1. BAB I
PENDAHULUAN
A. Latar Belakang Masalah
Pembangunan non-pertanian merupakan salah satu sektor yang saat ini
sedang digalakkan dan diharapkan serta menjadi manivestasi untuk mendukung
peningkatan perekonomian masyarakat. Salah satu bagian dari pembangunan non
–pertanian ialah bidang industri, dan dari perkembangan sektor industry ini
diharapkan mampu menguatkan perekonomian nasional karena berperan dalam
perluasan kesempatan kerja dan kesempatan berusaha.

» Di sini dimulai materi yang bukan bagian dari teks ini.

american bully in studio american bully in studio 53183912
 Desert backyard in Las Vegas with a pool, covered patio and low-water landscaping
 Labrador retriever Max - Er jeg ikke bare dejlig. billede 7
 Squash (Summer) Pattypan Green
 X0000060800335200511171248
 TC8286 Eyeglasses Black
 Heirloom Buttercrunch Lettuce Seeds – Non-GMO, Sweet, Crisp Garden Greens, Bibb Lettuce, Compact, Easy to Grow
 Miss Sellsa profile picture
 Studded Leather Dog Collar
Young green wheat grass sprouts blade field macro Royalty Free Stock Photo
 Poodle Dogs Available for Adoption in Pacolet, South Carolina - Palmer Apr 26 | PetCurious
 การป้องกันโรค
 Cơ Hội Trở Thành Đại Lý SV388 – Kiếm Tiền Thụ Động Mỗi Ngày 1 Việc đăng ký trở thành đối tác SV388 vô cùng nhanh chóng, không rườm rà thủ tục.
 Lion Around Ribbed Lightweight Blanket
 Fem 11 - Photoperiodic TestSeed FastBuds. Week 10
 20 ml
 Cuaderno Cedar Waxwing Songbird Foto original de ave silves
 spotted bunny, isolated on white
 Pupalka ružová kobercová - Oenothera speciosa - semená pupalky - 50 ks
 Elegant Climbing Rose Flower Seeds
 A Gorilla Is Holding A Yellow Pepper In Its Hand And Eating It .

Semakin berkembangnya
sektor industry ini menyebabkan terjadinya percepatan perubahan penggunaan
lahan yang mengarah pada banguan industry. Disamping memberikan dampak
positif dari adanya pembangunan sektor industry, namun juga memberikan efek
terhadap potensi, kondisi, dan mutu sumberdaya alam dan lingkungan yang dalam
waktu panjang akan mengakibatkan potensi dan mutu lingkungan menurun jika
tidak disadari dengan bijaksana dalam pemanfaatan dan pengelolaan sumberdaya
alan untuk industry tersebut. Sehingga menjadi tujuan penting dalam
mempertahankan dan meningkatkan perkembangan industry dengan
memperhatikan potensi dan mutu lingkungan agar upaya pengendalian dan
pencegahan terhadap kerusakan lingkungan dapat diminimalisir serta dilokalisir
(susilo, 1998).
Agar pencapaian hasil dari pembangunan industry sesuai dengan yang
diharapkan perlu didukung oleh beberapa factor, seperti tersedianya sumberdaya
lahan yang cukup, stabilitas daerah yang kondusif dan pemasaran ekonomi.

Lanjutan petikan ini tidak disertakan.